A clever algorithm that has digested seven decades’ worth of articles in China’s state-run media is now ready to predict its future policies. The research design of this “crystal ball” can also be applied to tackling a variety of other problems.
Supervised learning — the most developed form of Machine Learning — involves learning a mapping from input data (such as emails) to output labels (whether they are “spams”) and, subsequently, applying the learned mapping to predict the labels for new data (i.e., new emails). A critical prerequisite to this approach, however, is a rich and representative set of training data, which are often hard to come by.
On the other hand, in the era of Big Data, there are ample data labels that are readily available but ostensibly unimportant for the problems we would like to tackle.

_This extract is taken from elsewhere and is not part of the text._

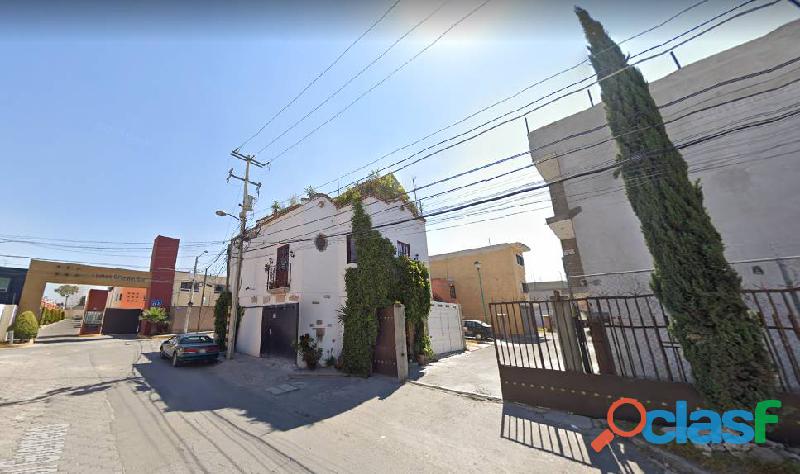 Casa 3 recámaras cochera Fracc Villas Viveros Puebla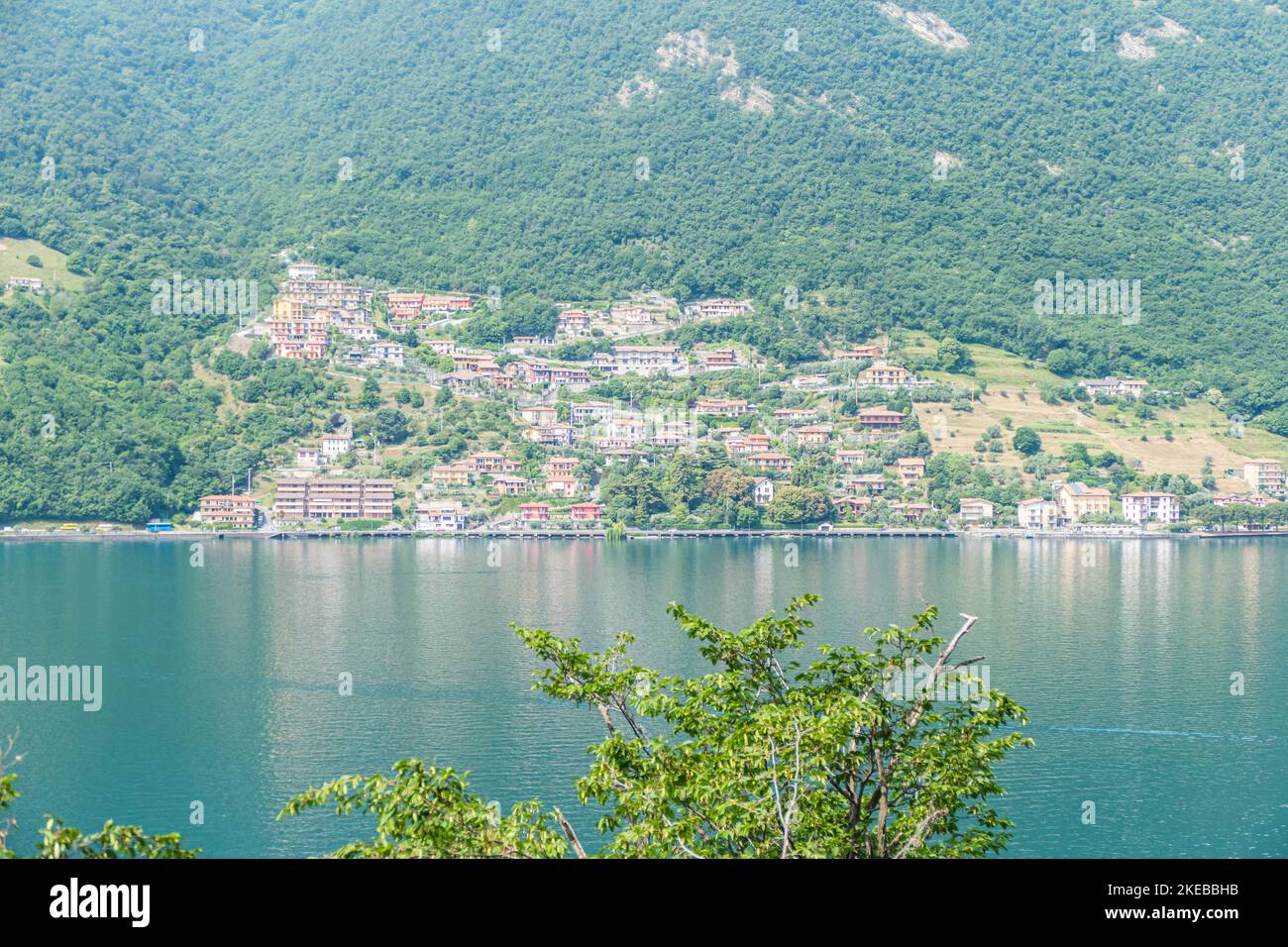 Luftaufnahme der Tavernola Bergamasca im See Iseo Stockfotografie Alamy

But, are they really unimportant?
In a new research paper, “Reading China: Predicting Policy Change with Machine Learning,” we demonstrate that seemingly trivial labels can be used to uncover important underlying patterns. We build a neural network algorithm that “reads” the People’s Daily, China’s official newspaper, and classifies whether each article appears on the front page — an ostensibly trivial label. It turns out that such a simple algorithm can be used to detect changes in how the People’s Daily prioritizes issues, which, in turn, have profound implications for China’s government policies.
The algorithm tries to mimic the mind of an avid People’s Daily reader who reads its articles and tries to figure out how its editor places articles on different pages. Due to the official status of this newspaper, the way its editor selects articles for the front page reflect the newspaper’s issue priorities, which the avid reader will try to pick up. If the reader had read and thought through, say, five years’ worth of articles, they would have acquired a fairly good sense of what is in the editor’s mind and what kind of articles “should” or “should not” appear on the front page. But if the reader was then surprised by new articles in the following quarter — that is, their educated guess about the new articles turned out to work either particularly well or exceptionally poorly — it might constitute a signal of change from the reader’s perspective. While a small surprise may well be taken as noise, a strong signal would convince the reader that their existing understanding of the editor’s mind is no longer valid and that the priorities of the People’s Daily must have fundamentally changed.
Using the above reasoning, we construct a quarterly indicator, which we call the Policy Change Index (PCI) of China, that captures the amount of surprise to the algorithm in each quarter, compared to the paradigm the algorithm has acquired over the past five years’ data.
The namesake of the indicator comes from the fact that detecting changes in the newspaper’s priorities allows us to predict changes in the Chinese government’s policies. This is because the People’s Daily is at the nerve center of China’s propaganda system, an essential function of which is to mobilize resources to attain the government’s policy goals. Moreover, before major policy changes are made, the government often finds it necessary to justify to or convince the public that those changes are the right moves for the country. Hence, while the algorithm is detecting propaganda change in real time, the resulting index is really predicting policy changes for the future.
When put to the test against the ground truth — policy changes in China that did occur in the past — the PCI could have correctly predicted the beginning of the Great Leap Forward in 1958, that of the economic reform program in 1978, and, more recently, a reform speed-up in 1993 and a reform slow-down in 2005, among others. Furthermore, these events are widely recognized in the academic literature as among the most critical junctures in the history of China’s economy and reforms.
Our approach to learning underlying patterns from easily available labels has an obvious “context-free” feature; that is, the construction of the PCI does not rely on the researcher’s understanding of the Chinese context (it’s language, history, or politics). This feature opens the door to a variety of applications that have a structure similar to ours. Readers can find more details about China’s policy changes,  methodology, and its potential applications in this research paper or the website of the project. The source code of the project is also released on GitHub, so that the academic, business and policy communities can not only replicate the findings but also apply this method in other contexts.
(This article is co-authored by Julian TszKin Chan and Weifeng Zhong)
Julian TszKin Chan is a senior economist at Bates White Economic Consulting. Weifeng Zhong is a research fellow in economic policy studies at the American Enterprise Institute.
Weifeng Zhong will be speaking on this subject at Data Natives 2018 in Berlin. The views expressed here and in Weifeng Zhong’s speech are and will be solely those of the authors and do not represent the views of the American Enterprise Institute, Bates White Economic Consulting, or their other employees.